→ **YOUR GOAL**:
Within the lines below, find those that hold the string "Fixed" and copy each one.

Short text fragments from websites
====================

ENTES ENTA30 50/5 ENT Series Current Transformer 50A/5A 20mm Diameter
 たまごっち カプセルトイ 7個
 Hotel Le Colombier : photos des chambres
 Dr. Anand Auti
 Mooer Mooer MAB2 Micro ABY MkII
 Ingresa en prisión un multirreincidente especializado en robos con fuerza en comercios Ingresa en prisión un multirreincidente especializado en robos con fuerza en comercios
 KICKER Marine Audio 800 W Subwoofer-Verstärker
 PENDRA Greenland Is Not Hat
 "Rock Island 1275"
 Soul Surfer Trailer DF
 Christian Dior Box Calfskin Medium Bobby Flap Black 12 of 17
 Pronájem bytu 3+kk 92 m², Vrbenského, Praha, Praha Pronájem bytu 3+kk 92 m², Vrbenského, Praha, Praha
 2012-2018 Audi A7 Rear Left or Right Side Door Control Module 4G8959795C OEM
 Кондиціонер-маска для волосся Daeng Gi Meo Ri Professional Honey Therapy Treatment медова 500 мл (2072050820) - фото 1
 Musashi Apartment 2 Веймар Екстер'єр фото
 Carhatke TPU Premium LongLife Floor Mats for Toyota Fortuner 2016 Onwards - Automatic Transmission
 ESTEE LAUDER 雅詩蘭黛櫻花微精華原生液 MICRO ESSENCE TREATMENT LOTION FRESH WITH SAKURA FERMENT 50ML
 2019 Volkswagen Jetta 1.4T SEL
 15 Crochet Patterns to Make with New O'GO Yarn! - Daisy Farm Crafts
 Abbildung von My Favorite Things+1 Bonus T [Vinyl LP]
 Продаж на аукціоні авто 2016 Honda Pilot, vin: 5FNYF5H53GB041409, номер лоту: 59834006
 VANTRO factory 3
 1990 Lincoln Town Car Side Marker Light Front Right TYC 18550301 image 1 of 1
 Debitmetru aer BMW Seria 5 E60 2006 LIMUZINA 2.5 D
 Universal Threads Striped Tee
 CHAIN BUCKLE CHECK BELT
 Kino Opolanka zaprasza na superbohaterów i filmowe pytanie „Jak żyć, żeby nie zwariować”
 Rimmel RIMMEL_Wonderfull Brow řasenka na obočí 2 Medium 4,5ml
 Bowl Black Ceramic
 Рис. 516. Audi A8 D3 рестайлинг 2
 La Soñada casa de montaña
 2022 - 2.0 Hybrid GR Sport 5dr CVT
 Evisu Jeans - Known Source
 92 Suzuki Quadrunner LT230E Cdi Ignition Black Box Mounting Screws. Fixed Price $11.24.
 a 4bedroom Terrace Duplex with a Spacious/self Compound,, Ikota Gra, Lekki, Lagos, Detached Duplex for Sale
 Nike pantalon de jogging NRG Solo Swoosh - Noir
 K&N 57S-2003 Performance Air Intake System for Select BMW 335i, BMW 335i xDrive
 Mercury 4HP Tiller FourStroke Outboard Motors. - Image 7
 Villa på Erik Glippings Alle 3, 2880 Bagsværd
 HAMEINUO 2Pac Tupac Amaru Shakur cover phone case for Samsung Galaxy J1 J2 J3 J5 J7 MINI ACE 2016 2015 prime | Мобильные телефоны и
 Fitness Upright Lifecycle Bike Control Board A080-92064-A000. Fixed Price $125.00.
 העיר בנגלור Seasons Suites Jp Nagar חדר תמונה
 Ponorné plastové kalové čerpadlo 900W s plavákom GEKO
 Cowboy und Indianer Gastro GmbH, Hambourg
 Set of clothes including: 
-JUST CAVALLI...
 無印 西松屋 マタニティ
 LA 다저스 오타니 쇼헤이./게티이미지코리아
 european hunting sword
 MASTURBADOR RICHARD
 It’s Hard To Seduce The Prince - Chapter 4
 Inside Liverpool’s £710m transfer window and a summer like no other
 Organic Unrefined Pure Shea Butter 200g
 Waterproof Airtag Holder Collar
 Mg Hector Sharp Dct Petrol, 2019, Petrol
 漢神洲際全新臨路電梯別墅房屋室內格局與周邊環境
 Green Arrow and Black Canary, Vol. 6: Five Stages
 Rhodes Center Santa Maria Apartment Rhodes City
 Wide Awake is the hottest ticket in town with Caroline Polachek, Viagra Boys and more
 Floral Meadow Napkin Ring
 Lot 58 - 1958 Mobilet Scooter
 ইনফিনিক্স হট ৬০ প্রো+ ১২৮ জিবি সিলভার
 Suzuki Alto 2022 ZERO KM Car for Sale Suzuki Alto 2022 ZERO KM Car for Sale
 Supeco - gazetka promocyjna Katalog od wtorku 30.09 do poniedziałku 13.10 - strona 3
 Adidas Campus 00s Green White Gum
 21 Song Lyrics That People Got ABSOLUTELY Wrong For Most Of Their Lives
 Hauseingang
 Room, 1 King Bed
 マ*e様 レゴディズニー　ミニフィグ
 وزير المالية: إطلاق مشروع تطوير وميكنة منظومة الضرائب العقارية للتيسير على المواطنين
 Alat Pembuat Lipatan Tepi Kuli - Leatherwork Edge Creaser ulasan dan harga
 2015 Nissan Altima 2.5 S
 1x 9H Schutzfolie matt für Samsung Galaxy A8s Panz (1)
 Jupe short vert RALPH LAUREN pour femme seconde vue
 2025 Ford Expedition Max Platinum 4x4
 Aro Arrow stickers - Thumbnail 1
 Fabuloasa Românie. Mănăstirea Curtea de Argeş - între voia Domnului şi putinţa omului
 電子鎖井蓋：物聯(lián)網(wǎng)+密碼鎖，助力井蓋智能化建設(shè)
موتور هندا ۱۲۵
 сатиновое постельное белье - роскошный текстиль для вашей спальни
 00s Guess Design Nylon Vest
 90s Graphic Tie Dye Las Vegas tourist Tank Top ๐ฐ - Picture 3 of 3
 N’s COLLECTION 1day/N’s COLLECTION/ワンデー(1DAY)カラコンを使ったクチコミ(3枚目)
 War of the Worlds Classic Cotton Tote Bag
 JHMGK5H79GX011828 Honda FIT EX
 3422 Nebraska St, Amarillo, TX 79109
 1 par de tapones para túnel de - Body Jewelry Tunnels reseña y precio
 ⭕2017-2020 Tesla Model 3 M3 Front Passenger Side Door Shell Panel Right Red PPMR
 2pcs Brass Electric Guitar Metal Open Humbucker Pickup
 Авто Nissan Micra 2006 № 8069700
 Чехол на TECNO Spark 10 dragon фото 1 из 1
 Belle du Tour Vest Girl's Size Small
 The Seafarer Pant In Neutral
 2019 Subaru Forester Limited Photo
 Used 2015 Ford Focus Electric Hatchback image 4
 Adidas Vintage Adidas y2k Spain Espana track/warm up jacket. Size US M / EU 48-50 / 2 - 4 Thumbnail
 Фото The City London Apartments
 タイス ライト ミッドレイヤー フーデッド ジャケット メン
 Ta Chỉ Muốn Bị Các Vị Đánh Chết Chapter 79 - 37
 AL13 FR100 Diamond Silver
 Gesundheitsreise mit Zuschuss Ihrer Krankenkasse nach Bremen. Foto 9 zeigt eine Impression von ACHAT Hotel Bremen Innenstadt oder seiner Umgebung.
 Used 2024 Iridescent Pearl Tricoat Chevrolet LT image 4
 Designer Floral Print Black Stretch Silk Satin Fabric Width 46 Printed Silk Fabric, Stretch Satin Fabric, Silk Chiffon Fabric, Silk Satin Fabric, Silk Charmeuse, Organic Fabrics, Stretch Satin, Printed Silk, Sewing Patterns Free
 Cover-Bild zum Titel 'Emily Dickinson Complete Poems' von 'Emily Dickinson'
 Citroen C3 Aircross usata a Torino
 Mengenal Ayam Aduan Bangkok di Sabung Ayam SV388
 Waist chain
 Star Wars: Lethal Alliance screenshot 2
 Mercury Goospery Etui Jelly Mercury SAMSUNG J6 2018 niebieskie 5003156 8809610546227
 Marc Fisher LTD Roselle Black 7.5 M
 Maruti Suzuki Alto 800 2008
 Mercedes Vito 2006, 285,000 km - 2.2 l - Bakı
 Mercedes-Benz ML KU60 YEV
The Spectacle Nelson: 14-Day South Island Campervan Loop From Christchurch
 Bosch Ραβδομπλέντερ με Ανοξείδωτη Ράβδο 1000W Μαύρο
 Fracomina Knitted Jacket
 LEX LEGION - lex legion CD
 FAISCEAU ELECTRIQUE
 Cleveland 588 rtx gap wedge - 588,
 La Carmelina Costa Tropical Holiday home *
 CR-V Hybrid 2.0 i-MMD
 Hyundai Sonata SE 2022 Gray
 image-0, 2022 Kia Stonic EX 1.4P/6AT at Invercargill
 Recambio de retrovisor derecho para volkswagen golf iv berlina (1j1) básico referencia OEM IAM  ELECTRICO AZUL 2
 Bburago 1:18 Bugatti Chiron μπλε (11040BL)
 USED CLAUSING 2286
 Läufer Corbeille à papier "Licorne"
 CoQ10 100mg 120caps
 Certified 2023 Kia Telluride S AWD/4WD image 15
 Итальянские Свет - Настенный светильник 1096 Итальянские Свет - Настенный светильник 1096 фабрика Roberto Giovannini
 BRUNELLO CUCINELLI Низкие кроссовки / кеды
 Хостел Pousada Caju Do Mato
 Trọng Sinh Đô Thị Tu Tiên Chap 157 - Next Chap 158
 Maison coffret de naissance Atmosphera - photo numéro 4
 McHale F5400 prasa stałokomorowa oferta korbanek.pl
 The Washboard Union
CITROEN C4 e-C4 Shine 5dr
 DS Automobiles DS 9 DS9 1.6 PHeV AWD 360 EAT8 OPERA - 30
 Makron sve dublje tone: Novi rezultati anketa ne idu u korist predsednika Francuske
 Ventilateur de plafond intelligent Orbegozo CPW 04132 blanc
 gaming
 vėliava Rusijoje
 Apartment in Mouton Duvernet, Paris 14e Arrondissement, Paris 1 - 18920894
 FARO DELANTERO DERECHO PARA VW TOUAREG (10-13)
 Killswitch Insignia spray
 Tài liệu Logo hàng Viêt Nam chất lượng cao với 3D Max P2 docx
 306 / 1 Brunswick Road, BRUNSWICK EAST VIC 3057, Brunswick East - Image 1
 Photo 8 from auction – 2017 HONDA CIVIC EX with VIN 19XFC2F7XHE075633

====================

→ **ANSWER FOR THE TASK**:
 92 Suzuki Quadrunner LT230E Cdi Ignition Black Box Mounting Screws. Fixed Price $11.24.
 Fitness Upright Lifecycle Bike Control Board A080-92064-A000. Fixed Price $125.00.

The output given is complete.